I never had the pleasure of meeting Jack Lenor Larson (1927-2020), but I have friends who have, and they told me a great deal about the man. Larson is very well known as a designer and tastemaker, often called ‘the most accomplished textile designer living,’ and he came to be the voice of the American home in the postwar years. However, to truly understand the man, one has to see his home where his love for Japan and his mastery of textures are given the ultimate expression. The American textile designer, author, collector, promoter of the crafts, and lover of gardens created the most spectacular home in East Hampton: his personal sanctuary and refuge, called LongHouse Reserve. I was hosted there last week for the first time.

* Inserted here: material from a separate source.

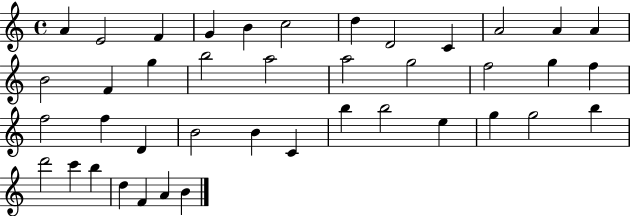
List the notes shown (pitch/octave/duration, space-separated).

A4/q E4/h F4/q G4/q B4/q C5/h D5/q D4/h C4/q A4/h A4/q A4/q B4/h F4/q G5/q B5/h A5/h A5/h G5/h F5/h G5/q F5/q F5/h F5/q D4/q B4/h B4/q C4/q B5/q B5/h E5/q G5/q G5/h B5/q D6/h C6/q B5/q D5/q F4/q A4/q B4/q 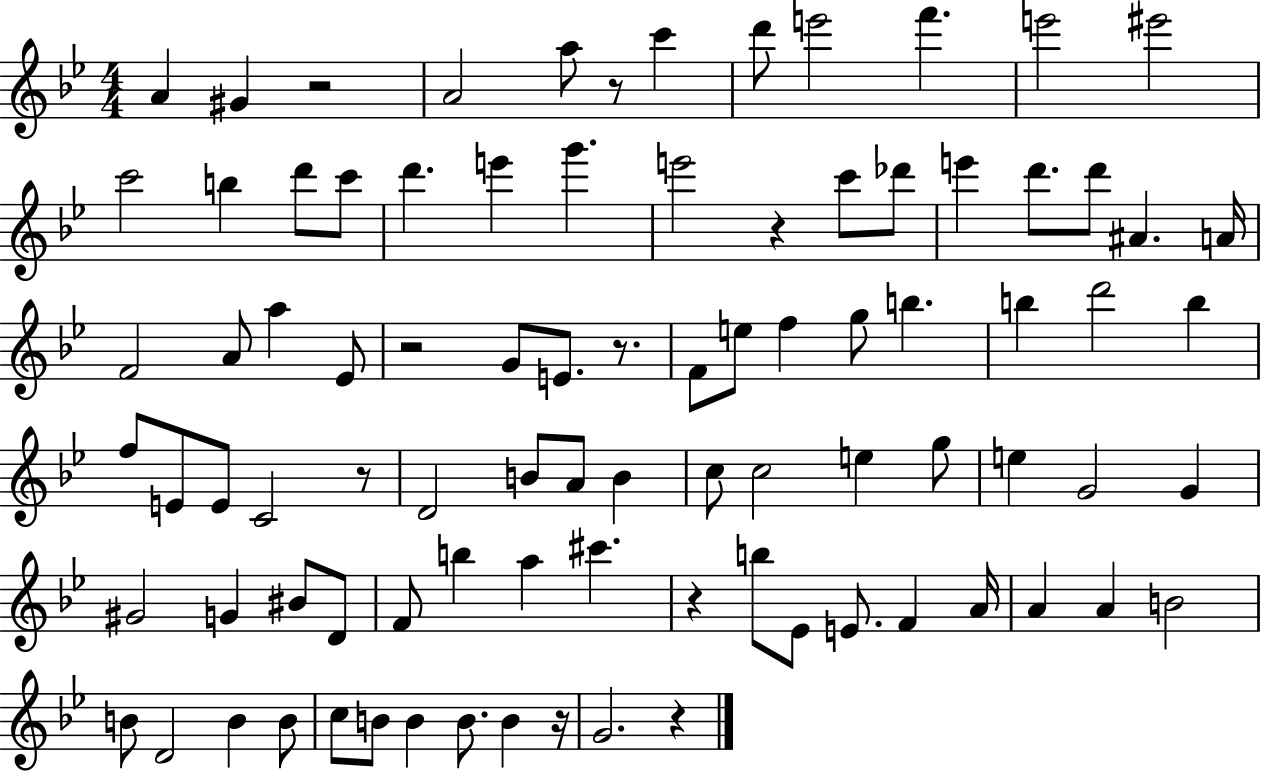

Larson called himself a ‘weaver,’ traveling across the globe to learn and explore weaving techniques and skills—even as an already world-renowned designer. He opened his legendary textile business in Manhattan during the early 50s, specializing in windows and furnishing fabrics, and had an impact on many hotels, airports, and offices all over the country. Larson did the curtains for Eero Saarinen’s magnificent Miller House in Columbus, Indiana, the window treatments for the modernist Lever House in Manhattan, and introduced batik in the 60s in response to the rise of hippie culture. Throughout his life, Larson kept experimenting and moving with the culture and taste of the day; cotton and nylons, straw and bamboo, velvets, working with all kinds of yarn and fiber. This is where his greatness showed, in his ability to move with the zeitgeist. He thought about textiles like an architect, and taught Americans that textiles are the heart of the interior, the soul. Today, his groundbreaking modernist textiles can be found in many museum collections across Europe and the US.
The stories of Larson’s relationships with artists are told in the extensive collections of crafts, art, and garden sculptures. Dale Chihuly owed him his career because he advised him to focus on glass rather than on textiles. With Louis Kahn, he collaborated on the hangings of his modernist First Unitarian Church in Rochester. He must have had a great relationship Wharton Esherick, as his home contains the largest collection of furniture by the craftsmen outside of his own house/museum. He knew Frank Lloyd Wright, Marilyn Monroe, and many other celebrities who utilized his fabrics in their homes.
For the design of his four-story home, which I had the honor to visit, he commissioned modernist architect/craftsman Charles Forberg, who modeled it after the Ise Shrine in South of Japan, blessing the house with Japanese allure. While he bought the 16-acre property in 1975, it was not until 11 years later that he built the house. LongHouse Reserve is an enormous and ambitious project, with which Larson sought to inspire the visitors to think differently about living with art and design.
There is a lot to be learned from visiting the home and gardens of Jack Lenor Larson. You will learn how traveling the world is the only way to truly open your horizons by seeing how he was authentic in the way he lived with and loved the cultures, textures, and styles that came to inform his identity. Perfection has many faces, and craftsmanship has the power to bring affection and spirituality into the home. Living with arts is the key to the evolution of taste and for forging life larger than oneself. This is only the beginning—if you want to learn more, do not miss the memoire he published in 1998, Jack Lenor Larsen: A Weaver’s Memoir. This memoir along with the LongHouse Reserve will keep the legacy of Larson alive, moving with the time, just as he lived his life.
LongHouse Reserve is open to the public during the spring, summer, and fall.